What to produce: Starting with the line that holds "Skoda Kodiaq 2.0 TDI Sportline 4x4" and stopping after the line that holds "2018 RAM ProMaster City Wagon SLT", repeat the lines below word for word, without the pictures.

━━━ Data for review ━━━

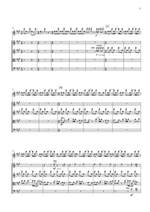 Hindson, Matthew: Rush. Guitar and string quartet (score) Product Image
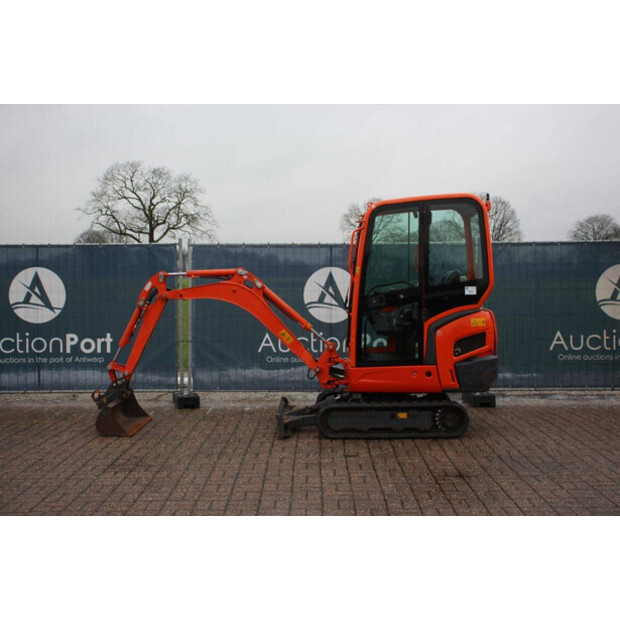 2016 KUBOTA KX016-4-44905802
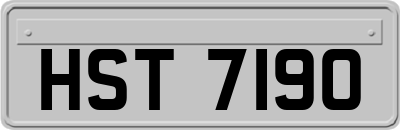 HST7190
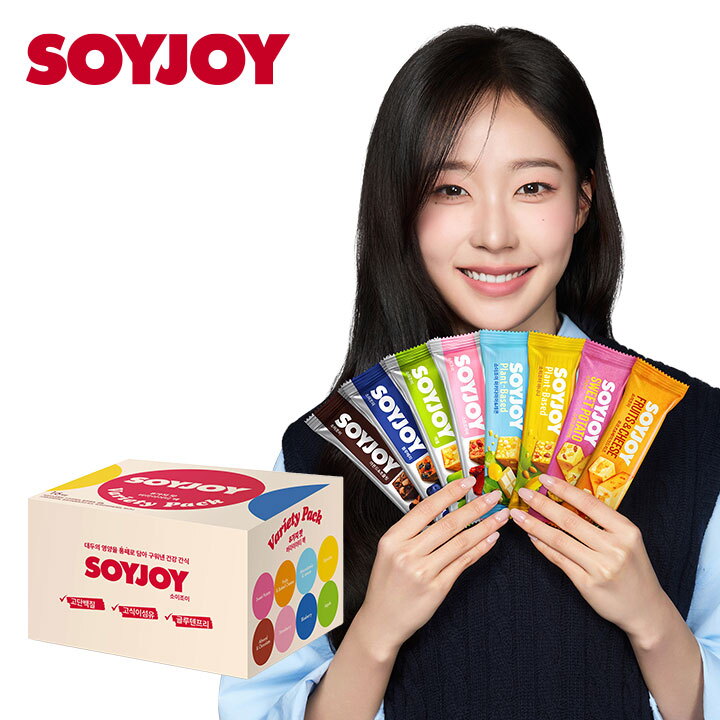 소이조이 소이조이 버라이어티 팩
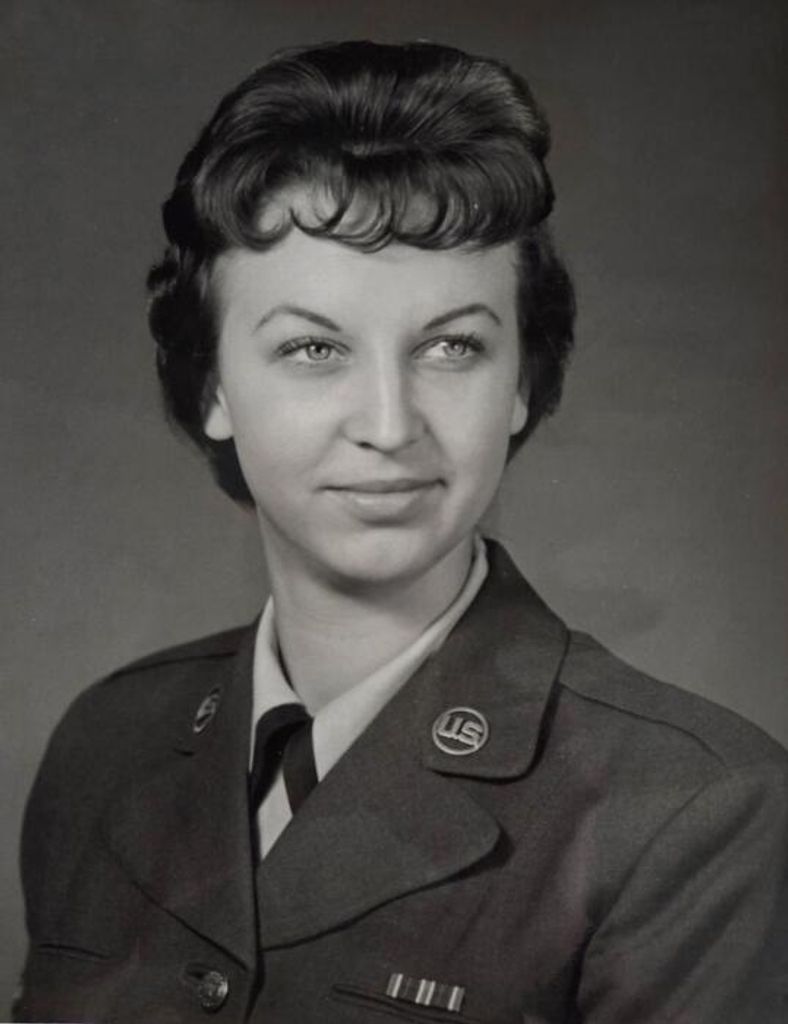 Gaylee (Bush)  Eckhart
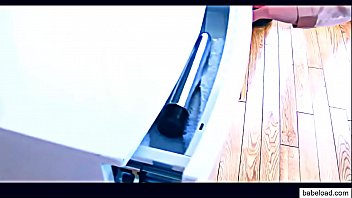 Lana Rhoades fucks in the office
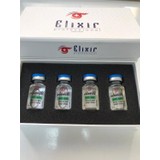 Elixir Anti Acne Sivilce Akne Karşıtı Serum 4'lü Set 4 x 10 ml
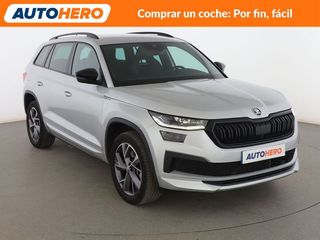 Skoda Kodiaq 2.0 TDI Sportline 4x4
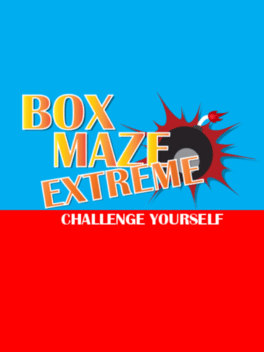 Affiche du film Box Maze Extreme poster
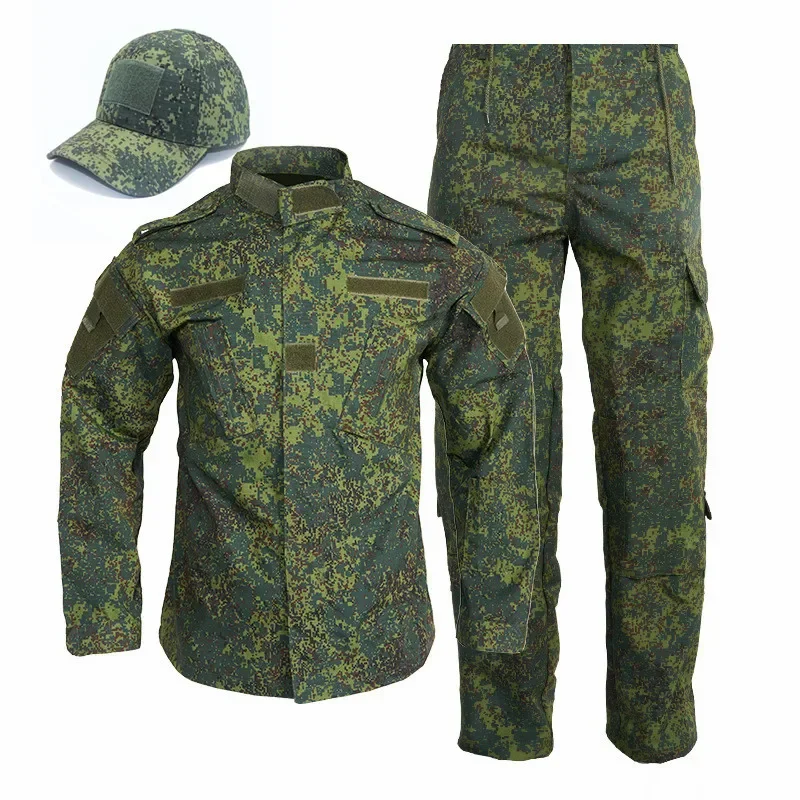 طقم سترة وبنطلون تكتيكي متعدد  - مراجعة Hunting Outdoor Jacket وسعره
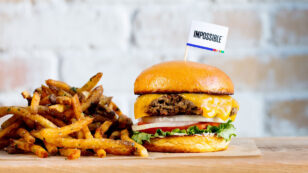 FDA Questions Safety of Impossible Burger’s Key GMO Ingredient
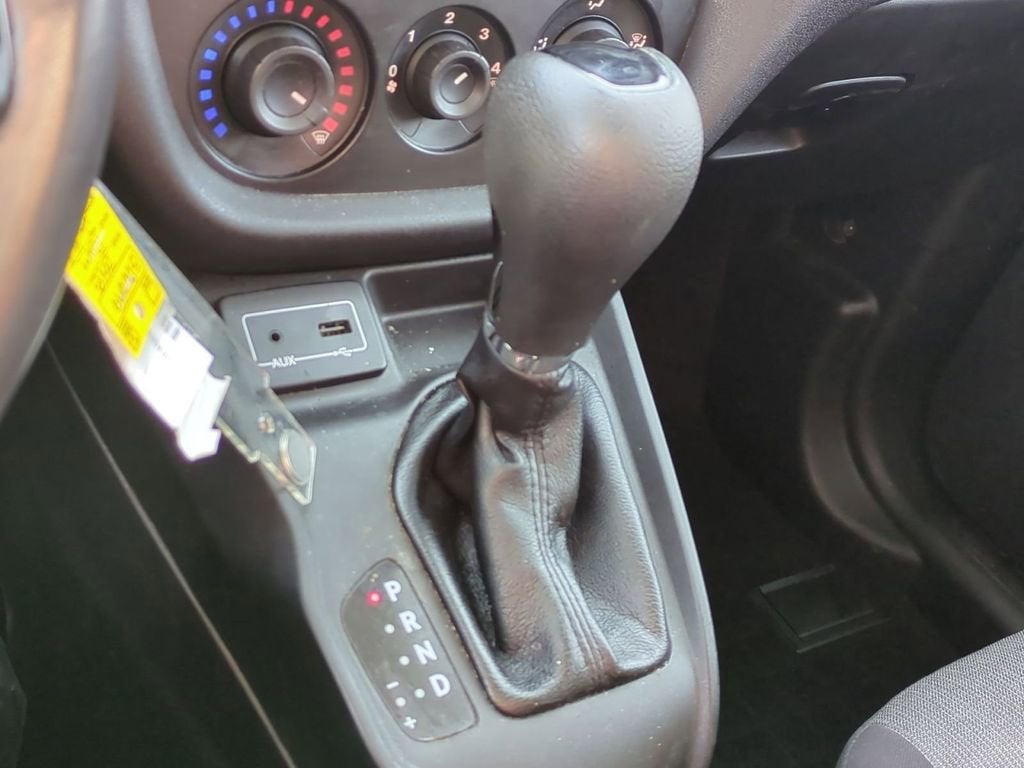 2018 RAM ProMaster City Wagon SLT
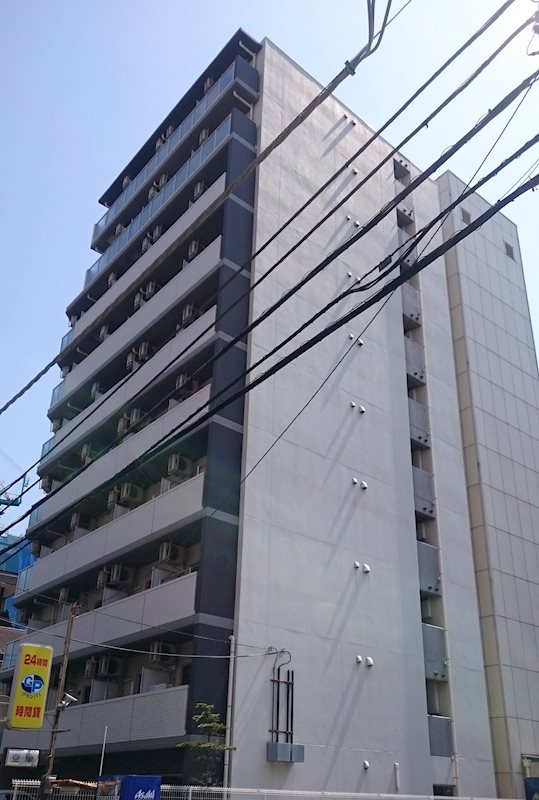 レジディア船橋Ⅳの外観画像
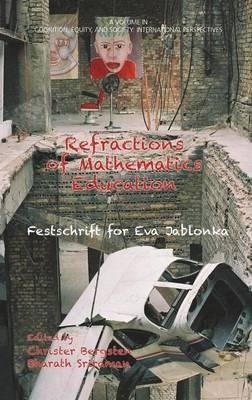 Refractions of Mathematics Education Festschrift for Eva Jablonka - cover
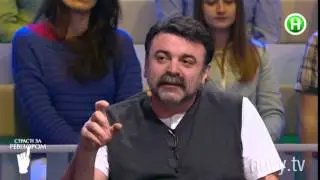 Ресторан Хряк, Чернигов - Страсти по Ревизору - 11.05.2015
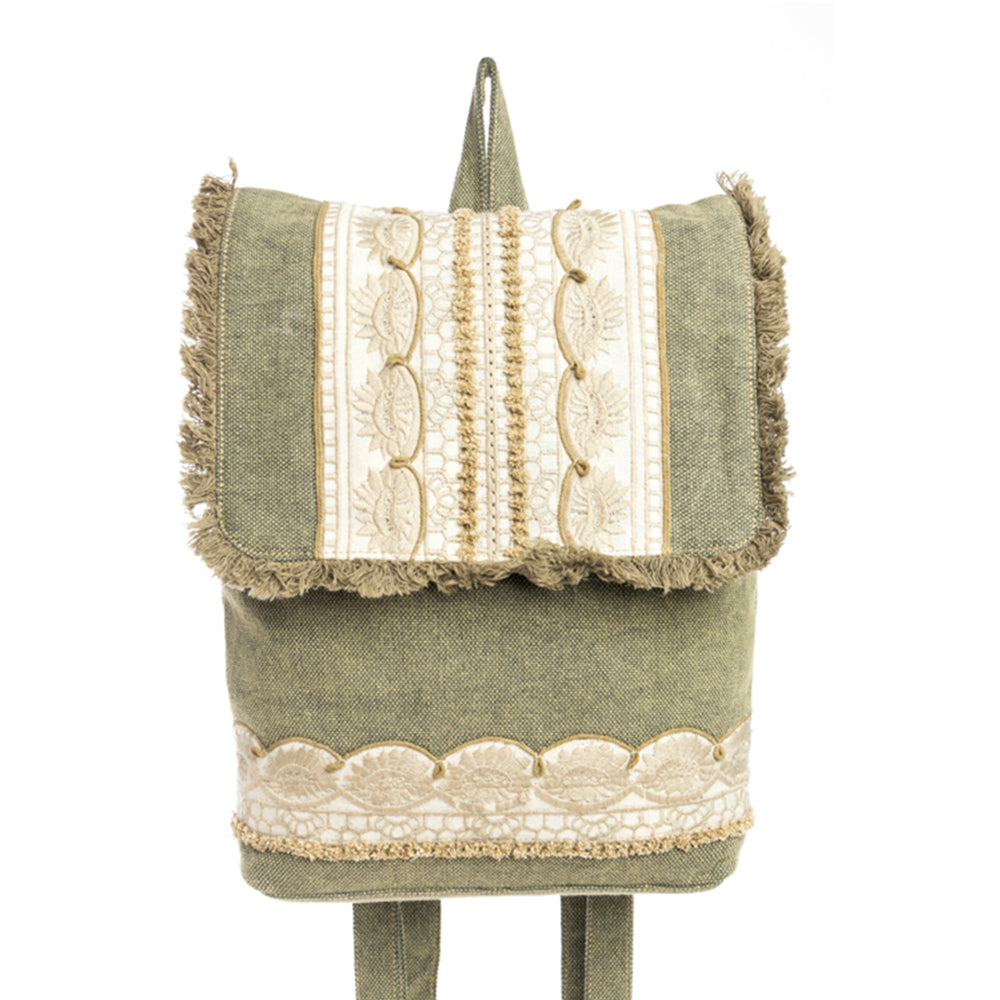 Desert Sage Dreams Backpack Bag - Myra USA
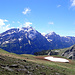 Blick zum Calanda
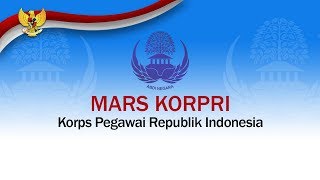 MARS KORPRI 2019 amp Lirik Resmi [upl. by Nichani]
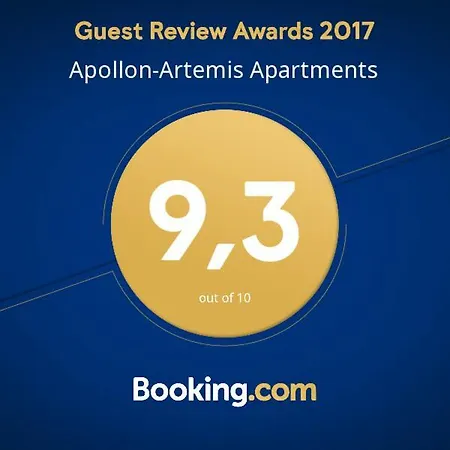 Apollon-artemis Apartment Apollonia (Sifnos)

━━━

Answer:
 Skoda Kodiaq 2.0 TDI Sportline 4x4
 Affiche du film Box Maze Extreme poster
 طقم سترة وبنطلون تكتيكي متعدد  - مراجعة Hunting Outdoor Jacket وسعره
 FDA Questions Safety of Impossible Burger’s Key GMO Ingredient
 2018 RAM ProMaster City Wagon SLT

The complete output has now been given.